Pictures are not part of the copy. Write out exactly the lines from the line with "Animal Collection //" through the end of the entries below.

[[ MATERIAL FOR THE TASK open ]]

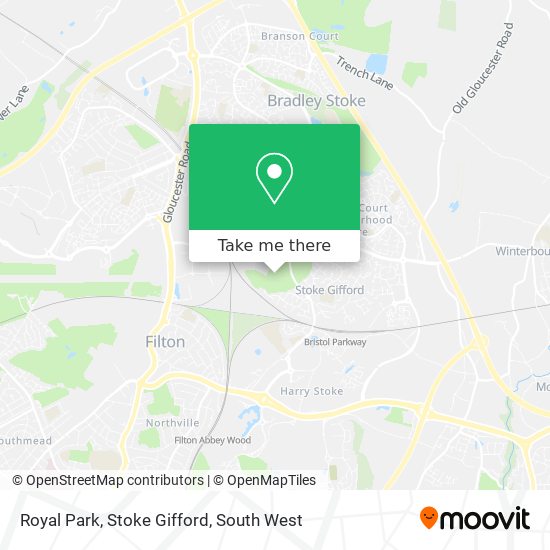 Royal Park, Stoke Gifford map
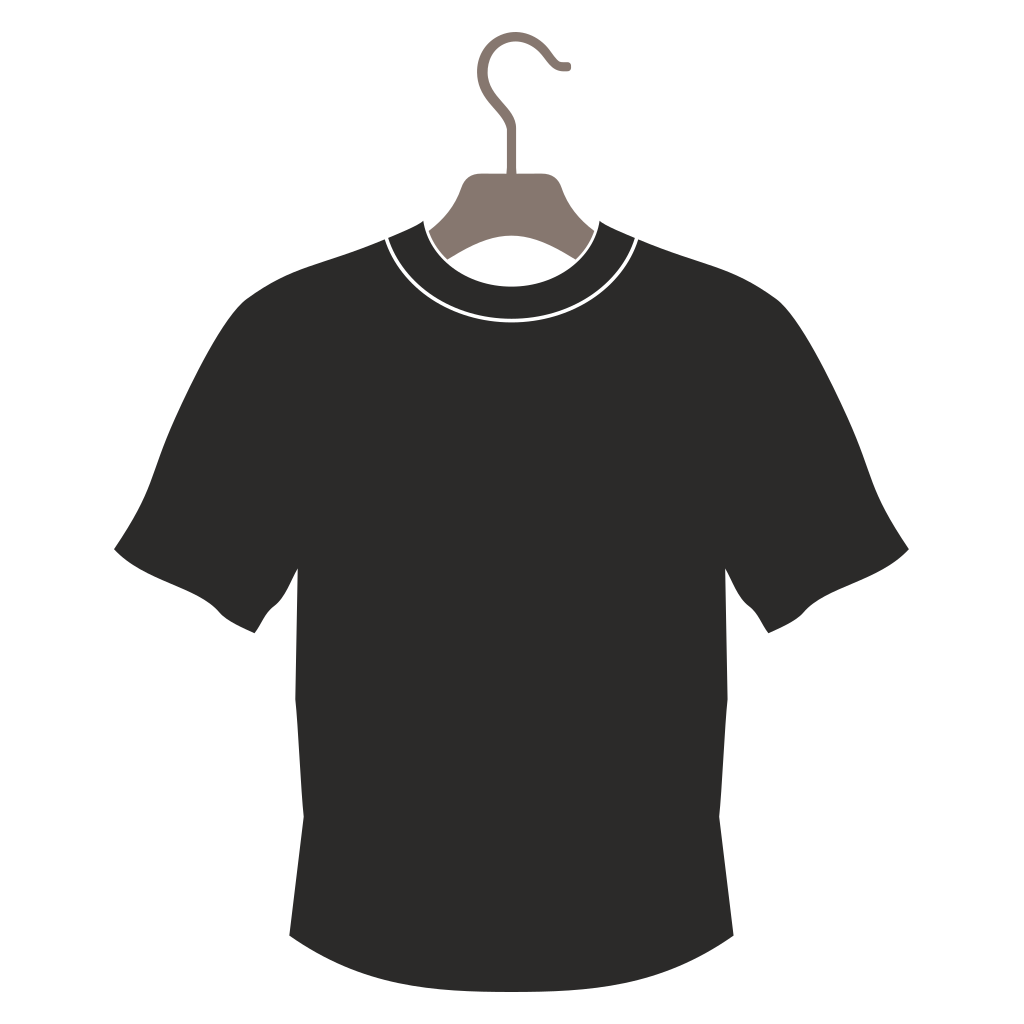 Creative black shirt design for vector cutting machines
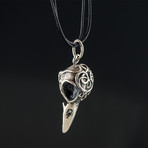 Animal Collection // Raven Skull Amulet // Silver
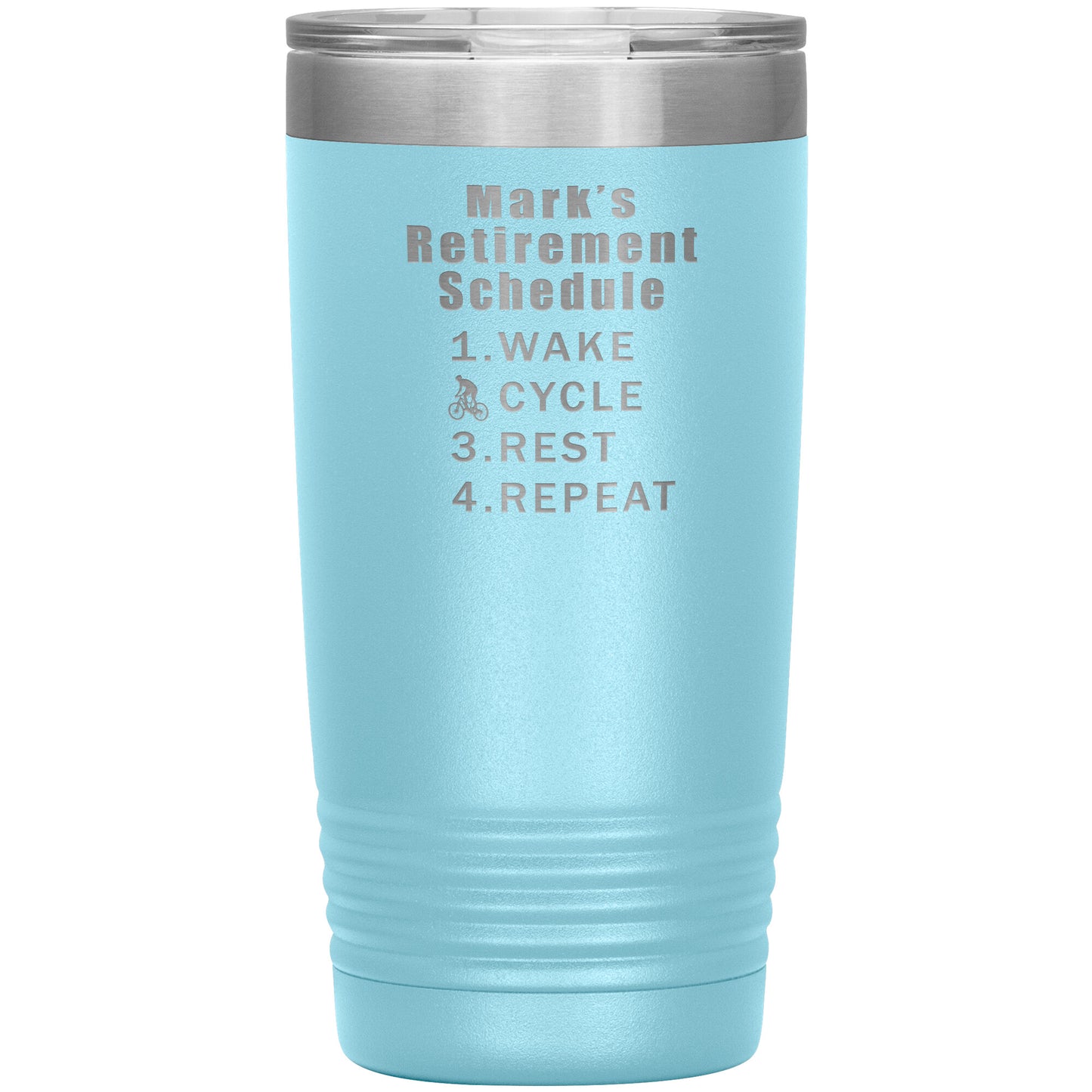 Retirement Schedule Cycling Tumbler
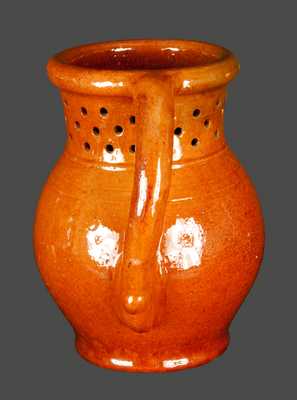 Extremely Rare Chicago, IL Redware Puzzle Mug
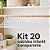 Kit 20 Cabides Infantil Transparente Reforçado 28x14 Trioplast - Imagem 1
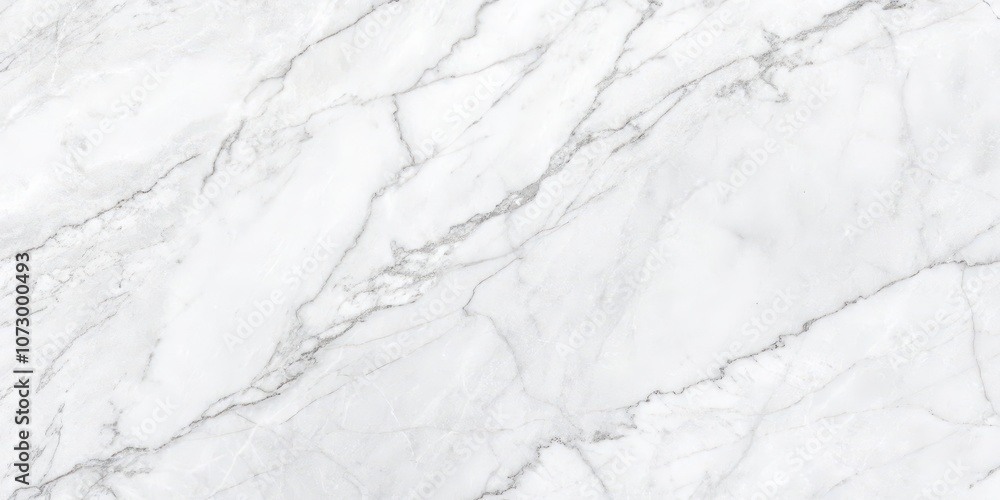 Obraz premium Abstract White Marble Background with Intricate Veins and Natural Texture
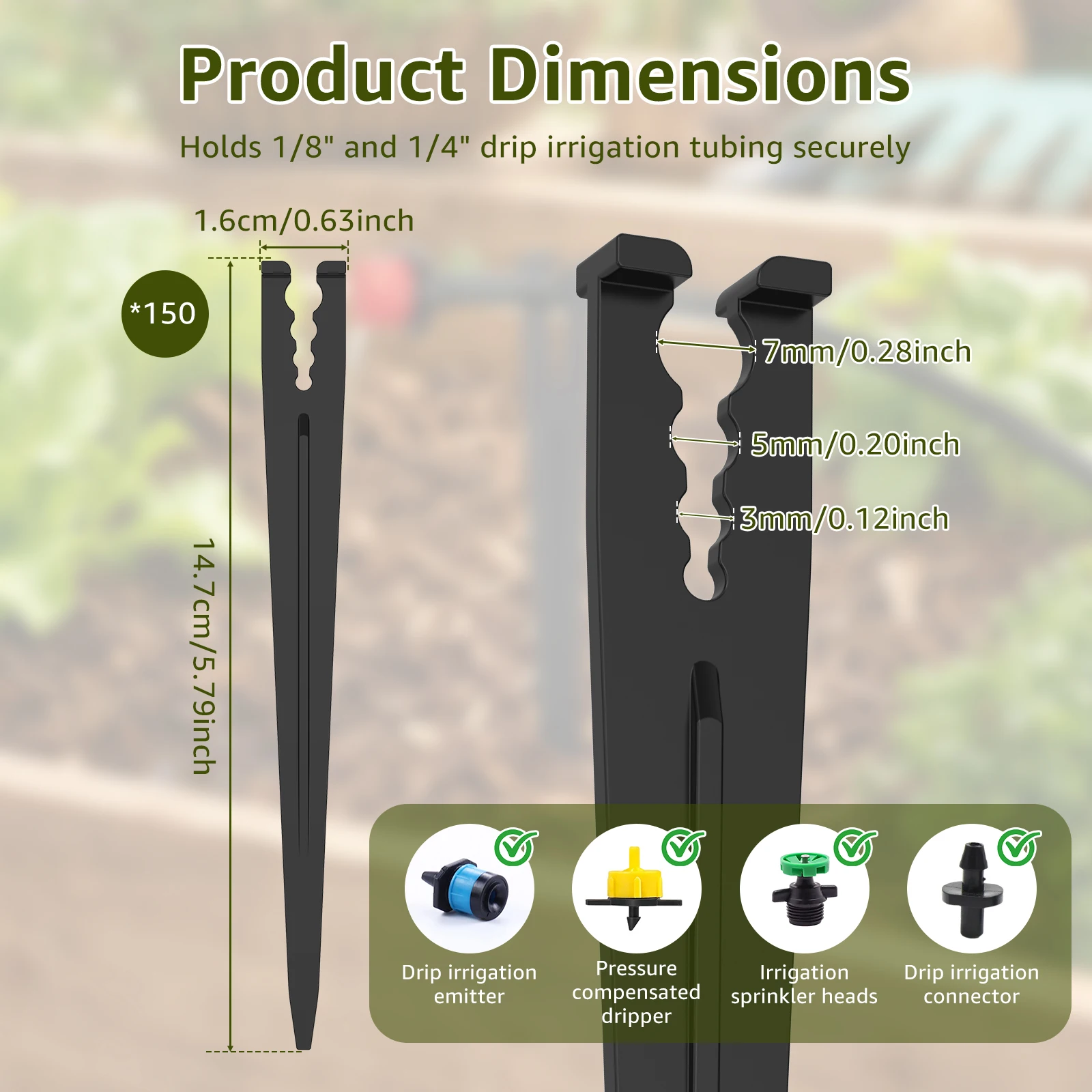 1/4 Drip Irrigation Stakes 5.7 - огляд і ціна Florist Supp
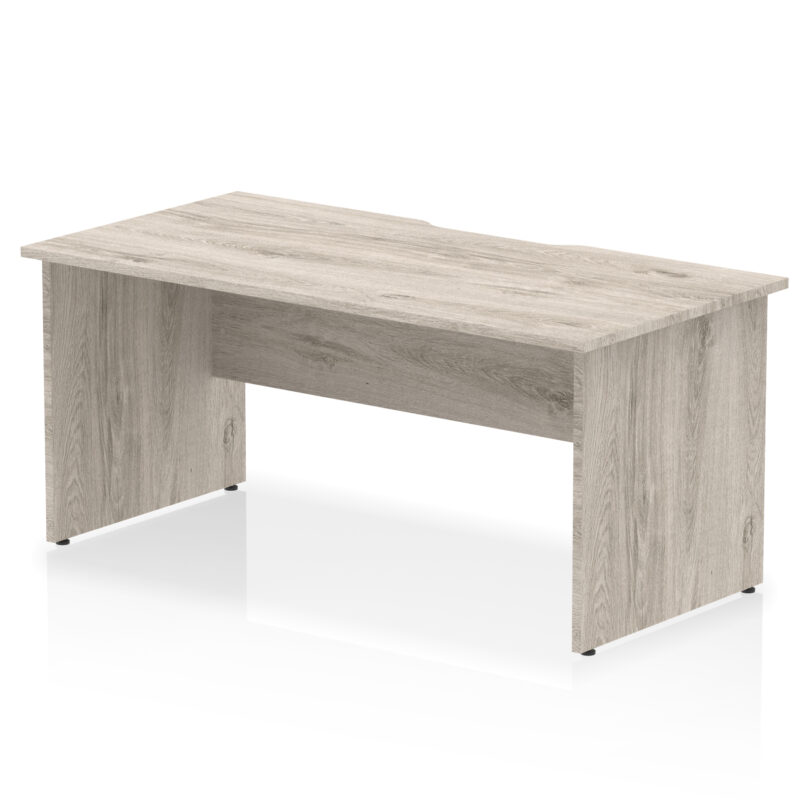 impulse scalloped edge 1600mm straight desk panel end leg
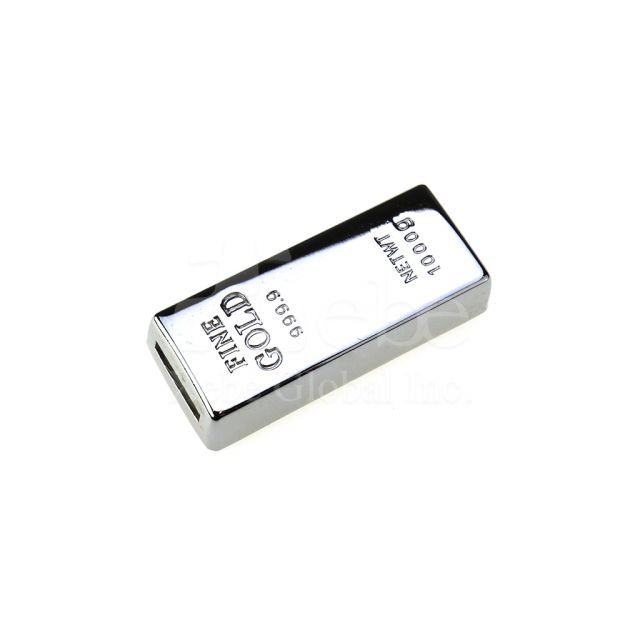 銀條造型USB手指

[[ MATERIAL FOR THE TASK closed ]]

**RESPONSE TO THE EXERCISE**.
 Animal Collection // Raven Skull Amulet // Silver
 Retirement Schedule Cycling Tumbler
 Extremely Rare Chicago, IL Redware Puzzle Mug
 Kit 20 Cabides Infantil Transparente Reforçado 28x14 Trioplast - Imagem 1
 Obraz premium Abstract White Marble Background with Intricate Veins and Natural Texture
 1/4 Drip Irrigation Stakes 5.7 - огляд і ціна Florist Supp
 impulse scalloped edge 1600mm straight desk panel end leg
 銀條造型USB手指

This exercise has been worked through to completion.